Дзержинский неожиданно широко улыбнулся. Поднявшись, он протянул руку.
— Всегда приятно иметь дело с понимающим человеком.
* * *
Игнат Сарычев посмотрел на часы. Десять часов вечера. Самое время, чтобы предаться разгулу. В районе Столешникова, в гостинице «Сан-Ремо» на втором этаже шла крупная карточная игра. Это был некий заповедный островок, куда мог заявиться и уркач, и жиган. Случалось, что они играли за одним столом. Как говорится, деньги хозяина не выбирают. За карточным столом они могли улыбаться друг другу и отпускать любезности, но перемирие мгновенно заканчивалось, как только блатные оказывались за пределами заведения. Нередко игроки подсаживали на перышко недавних партнеров.

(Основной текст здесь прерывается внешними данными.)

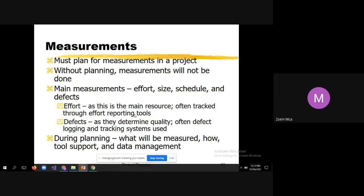Defects determine quality — fewer defects means higher quality software. Defect logging and tracking systems are often used; examples include project management tools like JIRA, Confluence, and Redmine, as well as Bugzilla, which is an ideal tool for defect tracking. During planning, it must be determined what will be measured, how it will be measured, what tool support is needed, and how to manage the data.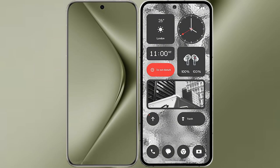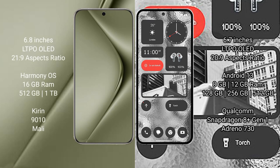I will compare the new Huawei Pura 70 Ultra with Nothing Phone 2. Huawei Pura 70 Ultra comes with 6.8 inches LTPO OLED display and aspect ratio 21:9. Nothing Phone 2 comes with 6.7 inches LTPO OLED display and aspect ratio 22:9.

В гостинице «Ноблесс» тоже не скучали. В зале для представлений собиралась искушенная публика, чтобы поглядеть кабаре. Поговаривали, что некоторые из танцовщиц настоящие балерины. По тому, как они исполняли канкан, чувствовалось, что за их плечами сильная школа. Игнат Сарычев дважды побывал в кабаре, танцовщицы высоко задирали ноги, публике это нравилось. В конце концов, девичий хоровод сейчас непопулярен.

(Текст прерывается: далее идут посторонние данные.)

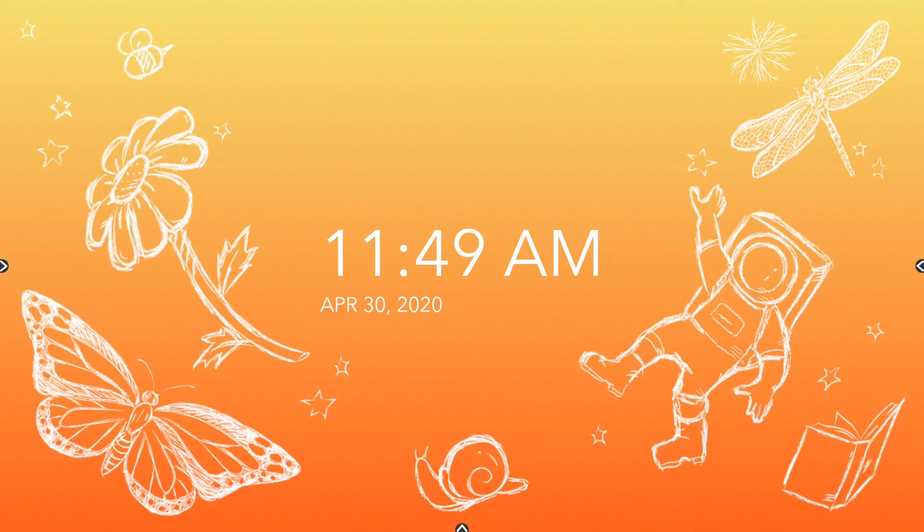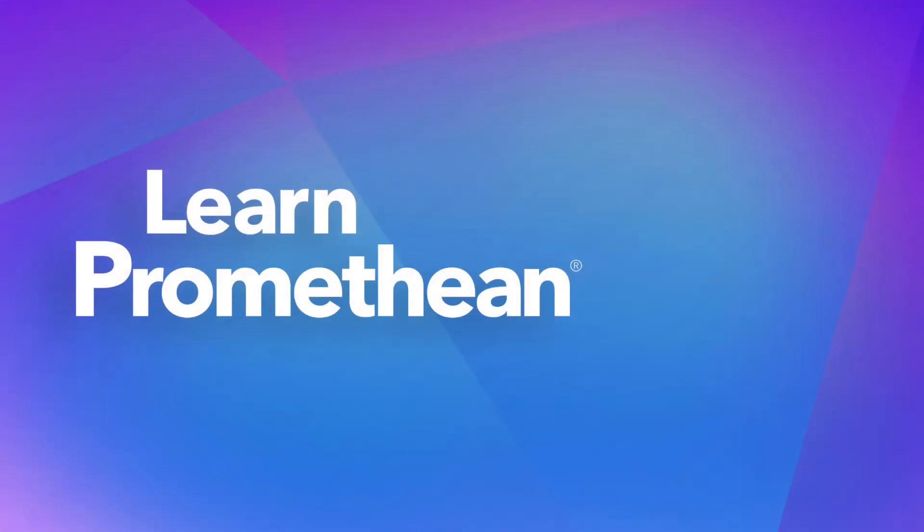Finally, tapping the X on the toolbar will close the app. Thank you.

Были в Москве места и поинтимнее, туда захаживали только с солидными рекомендациями постоянных клиентов. Таким заведением считался кабак, находящийся почти на самой окраине столицы, в Стремянном переулке. Здесь господствовали уркачи. Матерые, знавшие себе цену, привыкшие скупать за большие деньги красивых девочек охапками. Уркачей обслуживало несколько красивых и стройных официанток. От работниц других увеселительных заведений они отличались тем, что обслуживали гостей в «наряде Евы». Единственным дополнением к этому наряду служили золотые серьги и ярко-красная лента в волосах. Рассказывали, что официантками в кабаке работали активистки общества «Долой невинность». И что самое забавное, движение это объединяло представительниц едва ли не всех слоев населения. В их рядах можно было встретить как девиц из рабочих кварталов, так и самых настоящих барышень, выпускниц Бестужевских курсов. Еще одна примета нового времени. За хорошие деньги уркачи пригласили активисток поработать у них, где им предстояло осуществлять на практике провозглашенный лозунг.
Поработав с неделю, многие девушки сильно разочаровались. Как оказалось, большинство уркачей интересовала исключительно эстетическая сторона дела. Самое нескромное, что они могли себе позволить, так это посадить понравившуюся барышню на колени и похлопать ее по гладкой попке. Что поделаешь, половина из них были уже стариками. У каждого за плечами едва ли не по двадцать лет каторги. И лишь полотеры да охрана, состоящая из молодых мускулистых парней, позволяли общественницам претворять красивый девиз в жизнь.